2. The second part (I further believe) centres around 'domestic/family and intention to create legal relations' or 

Am I OK so far ?

My final question relates to the part when he takes 10 large orders. Although it doesn't relate to the main part of the question, is this an 'offer & acceptance issue' because he takes the 10 orders before cancelling the special offer

many thanks in advance

Spfeno

Once again, apologies Mods if this isn't allowed


----------



## extopia (10 Nov 2008)

Let me get this straight... you're asking AAM posters to help you with your law exams?

Lamer.

Do you take any ethics classes at all?


----------



## spfeno (10 Nov 2008)

Only asking if anyone knows if I'm heading in the right area or not.
Not asking them to write an essay  - a yay or nay would suffice.
This being pioneering territory for me !!


----------



## extopia (10 Nov 2008)

You wouldn't be the first to post here looking for help with the exams/assignments. 
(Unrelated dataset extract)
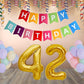 Number 42  Gold Foil Balloon and 25 Nos Pastel Color Latex Balloon and Happy Birthday Banner Combo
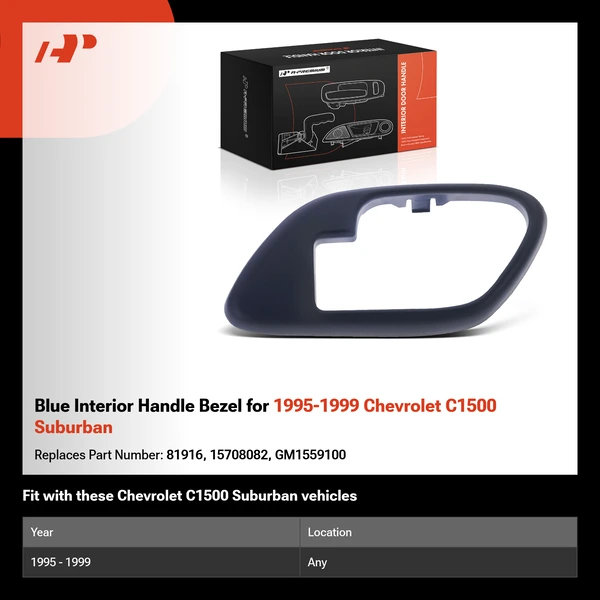 Blue Interior Handle Bezel for 1995-1999 Chevrolet C1500 Suburban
Probably best to actually do the work yourself?


----------



## spfeno (10 Nov 2008)

I fully intend on doing the work myself - what I'm asking for here is if I'm in the right area

Perhaps you'd like to help.......... 

(Previous post EDIT noted)


----------



## j26 (10 Nov 2008)

1. Yes and there's plenty of caselaw, but also discuss unilateral offers and why it's not one.

2. Yes


----------



## extopia (10 Nov 2008)

spfeno said:


> Perhaps you'd like to help..........



Duh. No, I wouldn't.


----------



## spfeno (10 Nov 2008)

Many thanks j26


----------



## extopia (10 Nov 2008)

Remind me not to ever hire you in the event that you ever qualify.


----------



## spfeno (10 Nov 2008)

_Vos would non exsisto meus client in primoris instance_


----------



## j26 (10 Nov 2008)

spfeno said:


> _Vos would non exsisto meus client in primoris instance_


_Quidquid latine dictum sit, altum sonatur._


----------



## extopia (10 Nov 2008)

spfeno said:


> _Vos would non exsisto meus client in primoris instance_



Your latin's not much better than your legal expertise. 



j26 said:


> _Quidquid latine dictum sit, altum sonatur._


Not to me, it doesn't. Especially pidgin latin.


----------



## spfeno (11 Nov 2008)

_In terra of caecus unus eyed vir est rex rgis _

_Promptus ferrum EGO must licentia iam forensis rudimentum ut satus in oriens _

_EGO liceor vos adieu_


*Many thanks again J26*


----------



## McCrack (11 Nov 2008)

Good god has this what it's decended into?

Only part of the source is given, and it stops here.